[ovs-dev] [PATCH v10 0/5] dpcls func ptrs & optimizations

Thu Jul 11 14:40:59 UTC 2019

> -----Original Message-----
> From: Ilya Maximets [mailto:i.maximets at samsung.com]
> Sent: Thursday, July 11, 2019 3:14 PM
> To: Van Haaren, Harry <harry.van.haaren at intel.com>; dev at openvswitch.org
> Cc: malvika.gupta at arm.com; Stokes, Ian <ian.stokes at intel.com>; Michal Orsák
> <michal.orsak at gmail.com>
> Subject: Re: [PATCH v10 0/5] dpcls func ptrs & optimizations
> 
> On 09.07.2019 15:34, Harry van Haaren wrote:
> > Hey All,
> >
> >
> > Here a v10 of the DPCLS Function Pointer patchset, as has been
> > presented at OVS Conf in Nov '18, and discussed on the ML since then.
> > I'm aware of the soft-freeze for 2.12, I feel this patchset has had
> > enough reviews/versions/testing to be merged in 2.12.
> >
> > Thanks Ilya and Ian for review comments on v9, they should all be addressed
> > in this v10.
> >
> > Thanks Malvika Gupta for testing (Tested-by tag added to patches) and also
> > for reporting ARM performance gains, see here for details:
> > https://mail.openvswitch.org/pipermail/ovs-dev/2019-June/360088.html
> >
> >
> > Regards, -Harry
> 
> Hi, Harry.
> Thanks for working on this.

My pleasure - it’s a nice part of OVS. And there's lots more to do :)

> I performed some tests with this version in my usual PVP with bonded PHY
> setup and here are some observations:
> 
> * Bug that redirected packets to wrong rules is gone. At least I can't
>   catch it in my testing anymore. Assuming it's fixed now.
> 
> * dpcls performance boost for 512B packets is around 12% in compare with
>   current master.

Ah great! Glad to hear its giving you performance.

> Few remarks about the test scenario:
> All packets mostly goes through the NORMAL action with vlan push/pop.
> Packets that goes from VM to balanced-tcp bonded PHY goes through
> recirculation. Datapath flows for them looks like this:
> 
> Before recirculation:
> recirc_id=0,eth,ip,vlan_tci=0x0000/0x1fff,dl_src=aa:16:3e:24:30:dd,dl_dst=aa:b
> b:cc:dd:ee:11,nw_frag=no
> 
> After recirculation:
> recirc_id=0x1,dp_hash=0xf5/0xff,eth,ip,dl_vlan=42,dl_vlan_pcp=0,nw_frag=no
> 
> I have 256 flows in datapath for different 'dp_hash'es.
> 
> So, even if the number of ipv4 flows is as high as 256K, I have about ~270
> datapath
> flows in dpcls. (This gives a huge advantage to dpcls over EMC and SMC).

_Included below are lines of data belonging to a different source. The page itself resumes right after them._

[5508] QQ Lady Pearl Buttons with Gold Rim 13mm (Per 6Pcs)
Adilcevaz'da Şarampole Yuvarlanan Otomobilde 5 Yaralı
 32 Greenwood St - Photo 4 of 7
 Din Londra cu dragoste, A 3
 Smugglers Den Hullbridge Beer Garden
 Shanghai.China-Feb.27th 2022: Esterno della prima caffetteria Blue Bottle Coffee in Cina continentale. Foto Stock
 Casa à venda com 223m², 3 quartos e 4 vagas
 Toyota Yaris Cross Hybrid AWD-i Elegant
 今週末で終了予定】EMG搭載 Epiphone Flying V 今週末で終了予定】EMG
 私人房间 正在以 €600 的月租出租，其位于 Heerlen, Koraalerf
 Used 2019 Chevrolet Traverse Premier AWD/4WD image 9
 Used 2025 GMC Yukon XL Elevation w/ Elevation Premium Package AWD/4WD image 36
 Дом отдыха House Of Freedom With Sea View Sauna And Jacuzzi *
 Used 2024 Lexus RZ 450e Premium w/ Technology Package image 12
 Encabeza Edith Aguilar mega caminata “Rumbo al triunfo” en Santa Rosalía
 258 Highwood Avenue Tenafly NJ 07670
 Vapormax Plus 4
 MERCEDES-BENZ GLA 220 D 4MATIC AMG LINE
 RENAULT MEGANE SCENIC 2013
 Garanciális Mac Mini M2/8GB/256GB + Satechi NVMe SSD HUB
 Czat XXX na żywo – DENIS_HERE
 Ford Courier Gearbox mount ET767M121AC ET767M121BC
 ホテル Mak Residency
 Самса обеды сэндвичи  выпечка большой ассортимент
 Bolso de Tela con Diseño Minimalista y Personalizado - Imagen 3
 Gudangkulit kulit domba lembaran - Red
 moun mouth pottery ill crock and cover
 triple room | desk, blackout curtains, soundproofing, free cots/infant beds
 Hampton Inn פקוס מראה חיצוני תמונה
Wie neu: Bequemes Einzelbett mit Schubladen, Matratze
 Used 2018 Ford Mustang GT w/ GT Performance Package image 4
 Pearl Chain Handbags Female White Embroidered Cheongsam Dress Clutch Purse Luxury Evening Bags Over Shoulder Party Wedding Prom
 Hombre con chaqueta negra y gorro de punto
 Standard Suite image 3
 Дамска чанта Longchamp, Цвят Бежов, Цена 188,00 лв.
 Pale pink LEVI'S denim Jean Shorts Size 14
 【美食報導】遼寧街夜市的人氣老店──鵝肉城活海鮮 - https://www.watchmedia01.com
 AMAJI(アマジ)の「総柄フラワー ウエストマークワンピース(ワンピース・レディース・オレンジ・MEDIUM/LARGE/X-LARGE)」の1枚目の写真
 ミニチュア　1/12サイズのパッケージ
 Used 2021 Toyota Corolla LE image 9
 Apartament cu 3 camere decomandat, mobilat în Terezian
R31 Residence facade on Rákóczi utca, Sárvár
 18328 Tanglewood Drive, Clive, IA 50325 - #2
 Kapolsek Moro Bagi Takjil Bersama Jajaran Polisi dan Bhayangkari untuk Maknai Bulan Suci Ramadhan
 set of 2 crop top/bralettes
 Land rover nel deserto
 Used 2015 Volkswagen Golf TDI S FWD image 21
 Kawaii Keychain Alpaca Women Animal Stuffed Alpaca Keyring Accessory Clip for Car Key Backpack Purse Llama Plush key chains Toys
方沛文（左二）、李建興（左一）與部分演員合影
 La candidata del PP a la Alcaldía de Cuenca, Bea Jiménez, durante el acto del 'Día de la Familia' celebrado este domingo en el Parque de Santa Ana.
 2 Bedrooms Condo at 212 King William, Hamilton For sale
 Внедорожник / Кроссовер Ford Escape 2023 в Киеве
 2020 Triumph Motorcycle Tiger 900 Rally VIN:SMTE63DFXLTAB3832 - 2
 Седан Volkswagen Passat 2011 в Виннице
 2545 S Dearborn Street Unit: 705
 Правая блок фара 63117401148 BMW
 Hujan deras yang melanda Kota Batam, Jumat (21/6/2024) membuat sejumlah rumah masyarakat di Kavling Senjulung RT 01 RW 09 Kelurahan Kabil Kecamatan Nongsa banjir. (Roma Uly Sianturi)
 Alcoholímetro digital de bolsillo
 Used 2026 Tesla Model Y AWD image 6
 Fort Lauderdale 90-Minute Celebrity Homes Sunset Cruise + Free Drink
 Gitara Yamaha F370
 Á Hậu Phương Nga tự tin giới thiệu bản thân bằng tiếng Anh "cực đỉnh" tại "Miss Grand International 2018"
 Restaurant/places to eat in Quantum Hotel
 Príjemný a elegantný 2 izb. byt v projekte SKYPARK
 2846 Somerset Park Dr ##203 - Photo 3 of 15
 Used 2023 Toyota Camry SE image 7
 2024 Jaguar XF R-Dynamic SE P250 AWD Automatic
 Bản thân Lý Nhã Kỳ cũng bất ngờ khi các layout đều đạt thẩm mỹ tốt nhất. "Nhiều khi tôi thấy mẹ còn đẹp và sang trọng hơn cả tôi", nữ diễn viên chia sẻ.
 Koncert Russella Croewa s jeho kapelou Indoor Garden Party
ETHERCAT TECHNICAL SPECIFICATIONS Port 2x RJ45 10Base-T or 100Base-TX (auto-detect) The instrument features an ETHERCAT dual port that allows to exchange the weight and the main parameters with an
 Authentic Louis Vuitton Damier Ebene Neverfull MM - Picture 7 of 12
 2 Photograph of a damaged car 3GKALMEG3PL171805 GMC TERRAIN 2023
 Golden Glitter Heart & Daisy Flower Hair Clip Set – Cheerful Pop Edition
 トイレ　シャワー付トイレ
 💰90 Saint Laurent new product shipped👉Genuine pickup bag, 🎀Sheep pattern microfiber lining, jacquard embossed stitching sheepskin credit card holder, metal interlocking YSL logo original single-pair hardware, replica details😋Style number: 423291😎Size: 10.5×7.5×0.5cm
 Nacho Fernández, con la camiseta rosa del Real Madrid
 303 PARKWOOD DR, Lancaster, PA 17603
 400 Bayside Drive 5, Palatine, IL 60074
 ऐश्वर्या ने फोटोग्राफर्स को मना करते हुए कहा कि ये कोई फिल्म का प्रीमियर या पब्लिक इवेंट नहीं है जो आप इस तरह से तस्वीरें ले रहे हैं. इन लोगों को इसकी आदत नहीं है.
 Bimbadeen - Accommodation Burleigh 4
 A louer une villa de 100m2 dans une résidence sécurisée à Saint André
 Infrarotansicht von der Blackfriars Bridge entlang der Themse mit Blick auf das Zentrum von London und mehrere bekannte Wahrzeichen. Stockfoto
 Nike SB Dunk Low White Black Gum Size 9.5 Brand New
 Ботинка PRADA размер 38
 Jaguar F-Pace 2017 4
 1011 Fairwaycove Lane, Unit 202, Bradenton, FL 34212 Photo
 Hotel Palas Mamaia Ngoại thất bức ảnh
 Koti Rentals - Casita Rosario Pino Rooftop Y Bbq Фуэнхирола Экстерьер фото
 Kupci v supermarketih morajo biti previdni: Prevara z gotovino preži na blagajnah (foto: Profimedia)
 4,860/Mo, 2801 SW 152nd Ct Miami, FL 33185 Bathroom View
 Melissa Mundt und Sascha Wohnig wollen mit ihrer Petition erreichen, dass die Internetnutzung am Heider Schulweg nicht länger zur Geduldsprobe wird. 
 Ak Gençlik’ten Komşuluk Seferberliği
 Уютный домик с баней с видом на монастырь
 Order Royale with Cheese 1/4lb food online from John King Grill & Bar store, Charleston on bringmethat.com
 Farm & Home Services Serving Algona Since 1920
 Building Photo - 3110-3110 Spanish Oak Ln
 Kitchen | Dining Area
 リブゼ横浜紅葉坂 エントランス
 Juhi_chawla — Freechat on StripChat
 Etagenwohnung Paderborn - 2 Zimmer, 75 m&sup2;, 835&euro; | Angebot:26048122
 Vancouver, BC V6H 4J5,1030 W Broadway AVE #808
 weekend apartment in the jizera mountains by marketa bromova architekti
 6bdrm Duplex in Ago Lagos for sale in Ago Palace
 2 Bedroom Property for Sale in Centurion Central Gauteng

Right - I'm a big fan of the consistent performance characteristic of DPCLS,
which is due to its wildcarding capabilities and lack of caching concepts.

> All the flows fits into 5+1 case, i.e. optimized function
> dpcls_subtable_lookup_mf_u0w5_u1w1 used.
> 
> Most interesting observation:
> 
> * New version of dpcls lookup outperforms SMC in this setup even on
>   relatively small number of flows. With 8K flows dpcls faster than SMC
>   by 1.5% and by 5.7% with 256K flows.
>   Of course, SMC is 10% faster than dpcls with 8 flows, but it's not very
>   interesting because no-one can beat EMC in this area.
>
> I'd like to read the code more carefully tomorrow and probably give some
> more feedback.
> 
> Best regards, Ilya Maximets.

Thanks for your comments - please do prioritize feedback ASAP, because as
you know the 2.12 soft-freeze is already in effect.

I'll work on Ian's comments on v10, but hold off sending v11 until there
is some feedback from you too :)

Thanks again, -Harry